● Task details:
Once you reach the line with "Solute Carrier Family" in the material below, copy each line exactly up to and including the line with "Fibrinogen gamma Antibody", and skip the pictures.

● Exercise materials:
"""
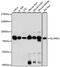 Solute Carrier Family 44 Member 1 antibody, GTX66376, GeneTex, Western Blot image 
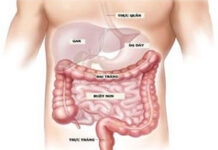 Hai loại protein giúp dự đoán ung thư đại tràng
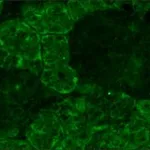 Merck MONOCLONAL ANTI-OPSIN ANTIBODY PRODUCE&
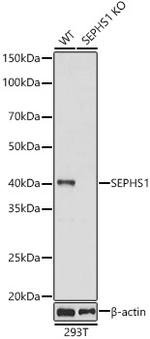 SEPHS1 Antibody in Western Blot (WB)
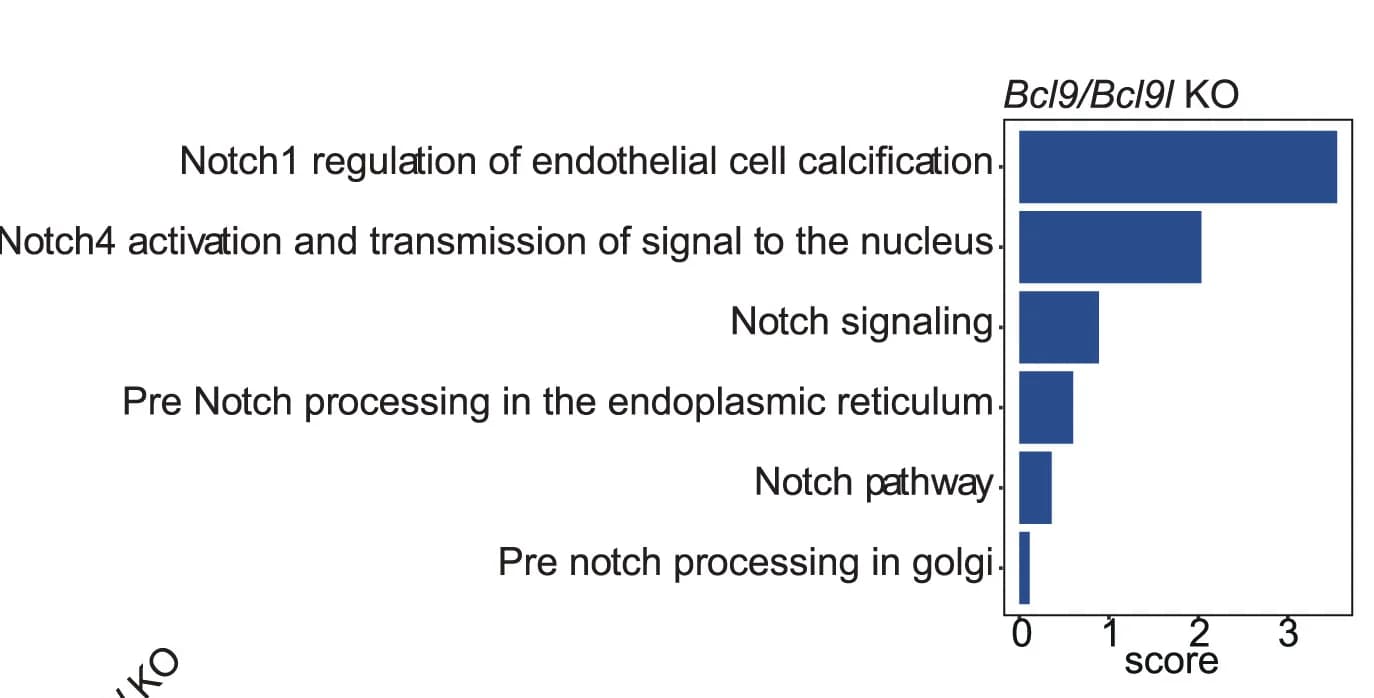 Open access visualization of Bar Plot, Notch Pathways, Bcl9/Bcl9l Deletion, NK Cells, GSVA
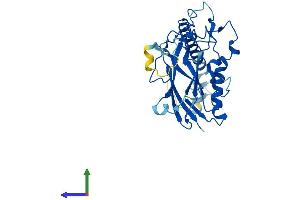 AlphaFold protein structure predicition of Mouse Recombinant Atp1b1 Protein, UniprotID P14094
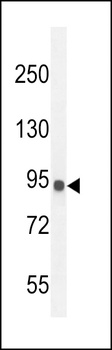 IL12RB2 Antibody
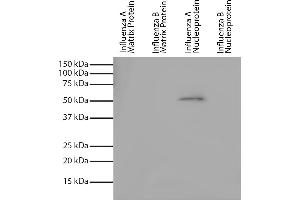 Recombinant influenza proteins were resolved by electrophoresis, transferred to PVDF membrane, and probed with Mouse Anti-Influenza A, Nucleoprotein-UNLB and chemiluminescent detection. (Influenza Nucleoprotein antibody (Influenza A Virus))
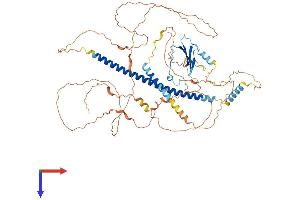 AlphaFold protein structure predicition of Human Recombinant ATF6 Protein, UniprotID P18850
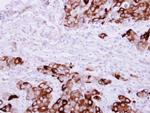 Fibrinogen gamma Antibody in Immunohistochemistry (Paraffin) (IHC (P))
"""
"""
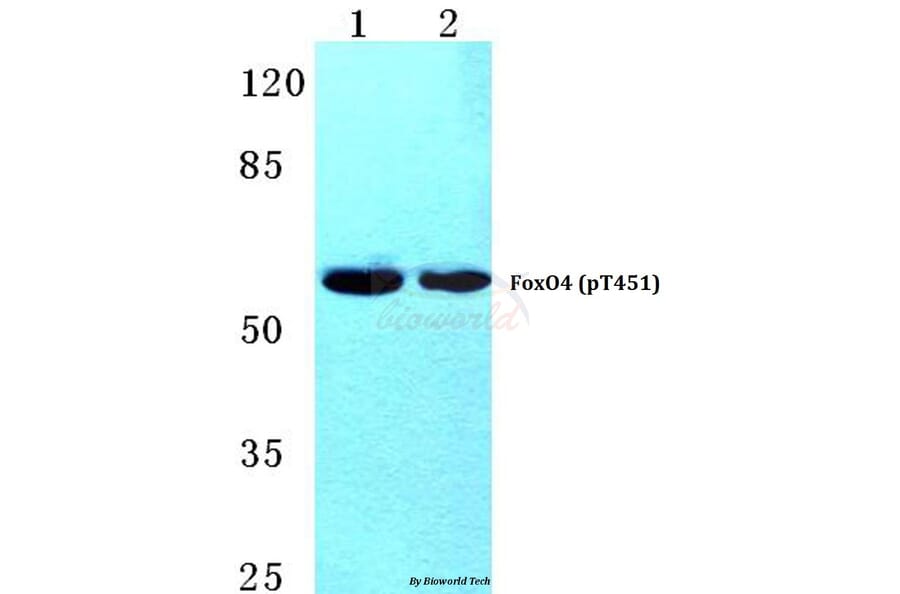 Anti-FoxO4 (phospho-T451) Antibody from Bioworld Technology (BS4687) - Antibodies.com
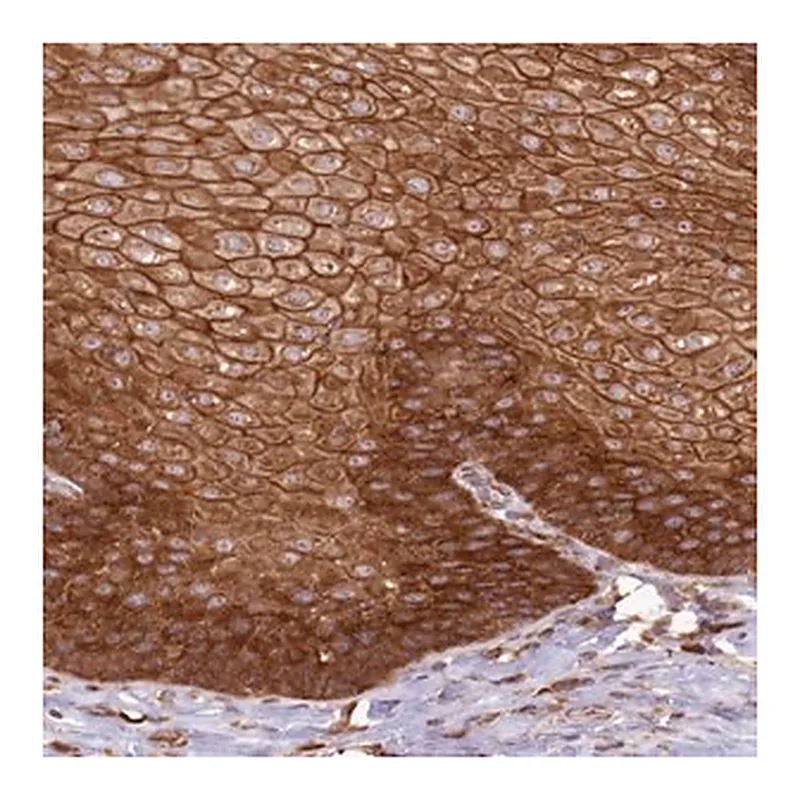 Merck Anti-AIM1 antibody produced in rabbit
"""
"""
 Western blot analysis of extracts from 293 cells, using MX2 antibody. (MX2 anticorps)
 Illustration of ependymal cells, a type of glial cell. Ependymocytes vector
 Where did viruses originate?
"""
● Result of the exercise:
 Solute Carrier Family 44 Member 1 antibody, GTX66376, GeneTex, Western Blot image 
 Hai loại protein giúp dự đoán ung thư đại tràng
 Merck MONOCLONAL ANTI-OPSIN ANTIBODY PRODUCE&
 SEPHS1 Antibody in Western Blot (WB)
 Open access visualization of Bar Plot, Notch Pathways, Bcl9/Bcl9l Deletion, NK Cells, GSVA
 AlphaFold protein structure predicition of Mouse Recombinant Atp1b1 Protein, UniprotID P14094
 IL12RB2 Antibody
 Recombinant influenza proteins were resolved by electrophoresis, transferred to PVDF membrane, and probed with Mouse Anti-Influenza A, Nucleoprotein-UNLB and chemiluminescent detection. (Influenza Nucleoprotein antibody (Influenza A Virus))
 AlphaFold protein structure predicition of Human Recombinant ATF6 Protein, UniprotID P18850
 Fibrinogen gamma Antibody in Immunohistochemistry (Paraffin) (IHC (P))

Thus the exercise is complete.